Course correction –GST–| Business Standard Editorials

Clipped from: https://www.business-standard.com/article/opinion/course-correction-121022100815_1.html

Underperformance of GST must be addressed

The Indian economy is returning to normal after almost a year of unprecedented disruption. The focus should now shift to the sustainability of recovery and addressing pending policy shortcomings. One of the policy weaknesses India needs to urgently address is the underperformance of goods and services tax (GST), though it has improved in recent months. Sluggish overall revenue collection has exacerbated the fiscal stress and is affecting government expenditure.
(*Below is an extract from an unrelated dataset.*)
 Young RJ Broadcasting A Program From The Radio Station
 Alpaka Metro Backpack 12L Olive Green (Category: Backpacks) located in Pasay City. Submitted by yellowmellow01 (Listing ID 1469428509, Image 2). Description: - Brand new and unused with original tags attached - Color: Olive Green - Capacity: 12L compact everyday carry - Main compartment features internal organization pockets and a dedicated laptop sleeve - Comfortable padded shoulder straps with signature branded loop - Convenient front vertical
GST’s implementation with inadequate planning, a multiplicity of rates and their random tinkering, including for electoral reasons, and poor information technology support contributed to the problem.

The GST Council in its next meeting will reportedly address the issue of rate rationalisation to bring them closer to being revenue-neutral and simplify the indirect tax system. This would be a welcome step for a variety of reasons. For instance, as noted by the Fifteenth Finance Commission (FFC), GST collection net of compensation cess was at 5.1 per cent of gross domestic product (GDP) in 2019-20. The general government tax revenue subsumed under GST was estimated to be worth about 6.3 per cent of GDP in 2016-17. Lower revenue mobilisation needs to be addressed. According to a Reserve Bank of India September 2019 estimate, the effective weighted average GST rate declined to 11.6 per cent, compared to 14.4 per cent at the time of implementation. Since overall revenue collection has declined, the first objective should be to get back to the revenue-neutral rate. The FFC has suggested merging the 12 and 18 per cent slabs and have a three-rate structure.

The other objective should be to simplify the GST system, which will help improve ease of doing business. A multiplicity of rates, for instance, has also resulted in an inverted duty structure in many cases, which has affected revenues. Also, goods taxed at a higher rate need to be reviewed. For instance, taxes on cars beyond a certain size go up to 45-50 per cent. As a result, companies are creating capacity for smaller cars to fulfil domestic demand and are losing out on exports. Smaller cars contribute to a small fraction of global demand. This again underscores the case for rate rationalisation. Further, compliance has been an issue since the beginning. It is now being addressed with the spread of e-invoicing. Hopefully, things would improve in the coming months.

GST was expected to improve efficiency in the system and boost tax collection. But this has clearly not happened. Therefore, addressing all outstanding issues should be a top priority for both the Union and state governments. The FFC has suggested that the ambition in the medium term should be to attain GST revenue worth about 7 per cent of GDP. An increase of about 2 percentage points in revenue collection would help ease pressure on government finances and boost developmental expenditure. India needs to improve its tax-GDP ratio, which is not only low compared to other emerging and advanced economies but has also remained stagnant over the years. Higher revenue mobilisation is particularly important at this stage as the debt-GDP is expected to expand to about 90 per cent. Addressing weaknesses in the GST system would be a good starting point.